→ What is needed
Set down the entries once more, exactly as they are written.

→ Source records
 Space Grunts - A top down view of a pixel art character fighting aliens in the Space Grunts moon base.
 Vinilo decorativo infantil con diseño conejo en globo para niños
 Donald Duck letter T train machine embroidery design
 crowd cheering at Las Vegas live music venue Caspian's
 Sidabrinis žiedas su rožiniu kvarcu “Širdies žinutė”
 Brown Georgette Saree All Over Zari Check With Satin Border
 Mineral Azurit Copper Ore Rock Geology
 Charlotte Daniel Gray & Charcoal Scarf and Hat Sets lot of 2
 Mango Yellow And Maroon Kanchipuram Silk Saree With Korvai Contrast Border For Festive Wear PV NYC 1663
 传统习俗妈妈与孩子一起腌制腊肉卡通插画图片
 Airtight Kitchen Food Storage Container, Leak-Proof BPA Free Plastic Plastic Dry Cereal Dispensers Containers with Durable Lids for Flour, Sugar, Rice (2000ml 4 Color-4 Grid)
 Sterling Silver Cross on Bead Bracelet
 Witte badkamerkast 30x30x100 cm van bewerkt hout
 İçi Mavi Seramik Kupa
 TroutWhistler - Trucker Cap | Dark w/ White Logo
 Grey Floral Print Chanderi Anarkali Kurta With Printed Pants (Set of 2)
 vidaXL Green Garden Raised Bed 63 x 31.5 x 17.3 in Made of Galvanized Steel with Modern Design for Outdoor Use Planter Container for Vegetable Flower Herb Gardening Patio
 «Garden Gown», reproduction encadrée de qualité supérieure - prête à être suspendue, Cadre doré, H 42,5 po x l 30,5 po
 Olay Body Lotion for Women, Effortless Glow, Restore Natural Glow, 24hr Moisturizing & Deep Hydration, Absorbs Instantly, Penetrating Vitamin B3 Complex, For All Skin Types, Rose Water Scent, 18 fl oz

→ Problem solution
 Space Grunts - A top down view of a pixel art character fighting aliens in the Space Grunts moon base.
 Vinilo decorativo infantil con diseño conejo en globo para niños
 Donald Duck letter T train machine embroidery design
 crowd cheering at Las Vegas live music venue Caspian's
 Sidabrinis žiedas su rožiniu kvarcu “Širdies žinutė”
 Brown Georgette Saree All Over Zari Check With Satin Border
 Mineral Azurit Copper Ore Rock Geology
 Charlotte Daniel Gray & Charcoal Scarf and Hat Sets lot of 2
 Mango Yellow And Maroon Kanchipuram Silk Saree With Korvai Contrast Border For Festive Wear PV NYC 1663
 传统习俗妈妈与孩子一起腌制腊肉卡通插画图片
 Airtight Kitchen Food Storage Container, Leak-Proof BPA Free Plastic Plastic Dry Cereal Dispensers Containers with Durable Lids for Flour, Sugar, Rice (2000ml 4 Color-4 Grid)
 Sterling Silver Cross on Bead Bracelet
 Witte badkamerkast 30x30x100 cm van bewerkt hout
 İçi Mavi Seramik Kupa
 TroutWhistler - Trucker Cap | Dark w/ White Logo
 Grey Floral Print Chanderi Anarkali Kurta With Printed Pants (Set of 2)
 vidaXL Green Garden Raised Bed 63 x 31.5 x 17.3 in Made of Galvanized Steel with Modern Design for Outdoor Use Planter Container for Vegetable Flower Herb Gardening Patio
 «Garden Gown», reproduction encadrée de qualité supérieure - prête à être suspendue, Cadre doré, H 42,5 po x l 30,5 po
 Olay Body Lotion for Women, Effortless Glow, Restore Natural Glow, 24hr Moisturizing & Deep Hydration, Absorbs Instantly, Penetrating Vitamin B3 Complex, For All Skin Types, Rose Water Scent, 18 fl oz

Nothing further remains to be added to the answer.